Échanges épistolaires, relation à distance

Échanges épistolaires, relation à distance

Je m’appelle Albane, j’ai vingt-cinq ans, et je viens de rencontrer un homme mûr, quarante ans. Un concert, de la musique, le hasard, il est à côté de moi, dans la fosse. Il est grand, beau, avec des yeux tragiquement vert et lumineux. Il me regarde, je lui plais. Nous nous sourions, nous chantons en harmonie les paroles de Bruno Mars, nous dansons frénétiquement. Excités de pouvoir nous présenter à notre idole. Je me dis que c’est surprenant d’être autant en connexion. Nous finissons par nous prendre la main, nous unir pour fêter cet instant. J’aime sa main droite qui englobe ma main gauche. Sa peau est si douce, sa chaleur si encourageante. L’évidente attirance s’opère. Mais voilà, il vit loin, loin de chez moi. Il doit partir en Hollande dès le lendemain. Il me laisse ses coordonnées, son email plus exactement. Je n’ai pas accès à son numéro de téléphone. Il ne me cache rien : il est marié et a deux enfants.

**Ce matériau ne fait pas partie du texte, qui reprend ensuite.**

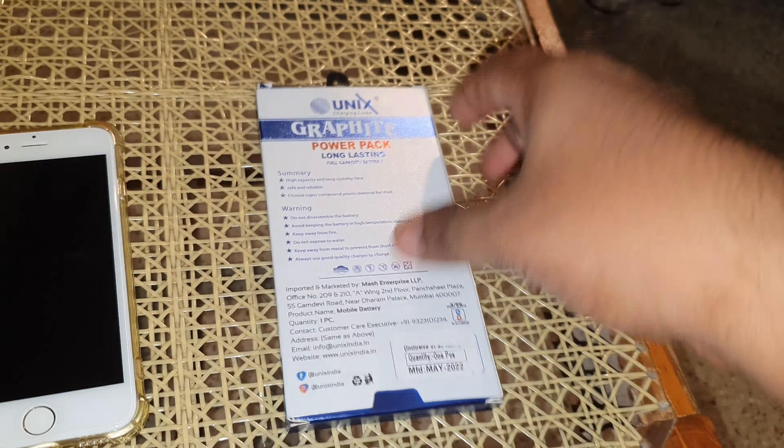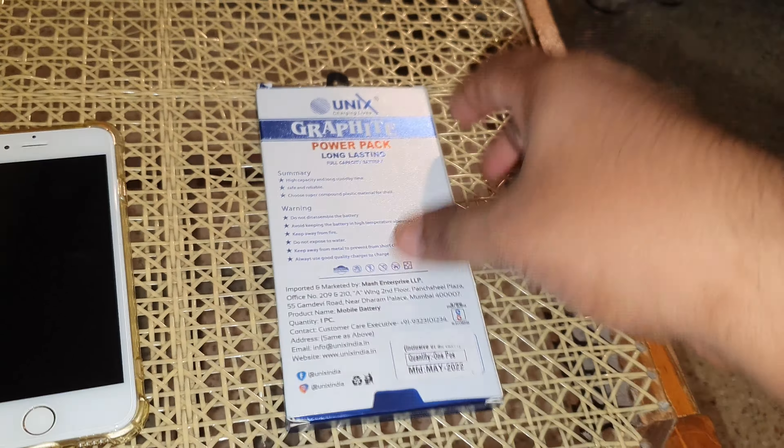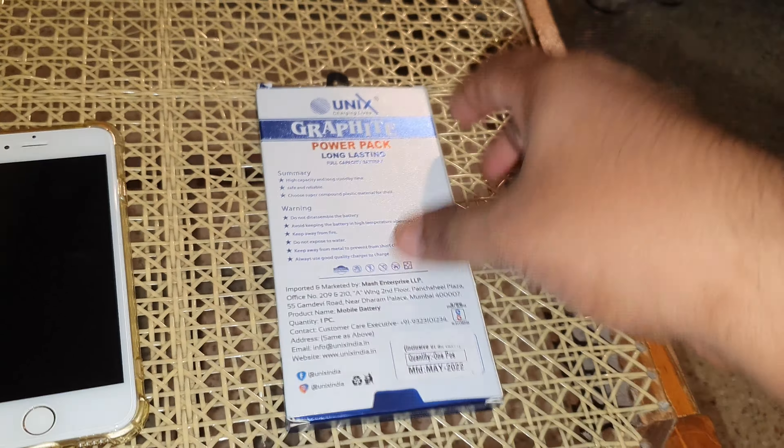You can use basic stuff on this like calling, WhatsApp, and YouTube for the most part.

Nos échanges sont enflammés, mais l’incertitude de la prochaine rencontre soit exacerbe mes attentes, soit me propulse dans un univers d’infinies réalités. Je pense déjà l’aimer, je me projette si fort et si vite dans ses bras que j’en oublie le temps, mes proches, une concentration indispensable à mes études, mes projets avant lui. Je veux absolument le connaître, au-delà de sa vie maritale et familiale. Et puis, je me lance dans des tirades enflammées :

« Au fur et à mesure que je t’écris, je te sens de plus en plus en moi, pas juste près de moi, juste là, au niveau de ma poitrine. Tu me traverses le corps avec une énergie palpable et revigorante. 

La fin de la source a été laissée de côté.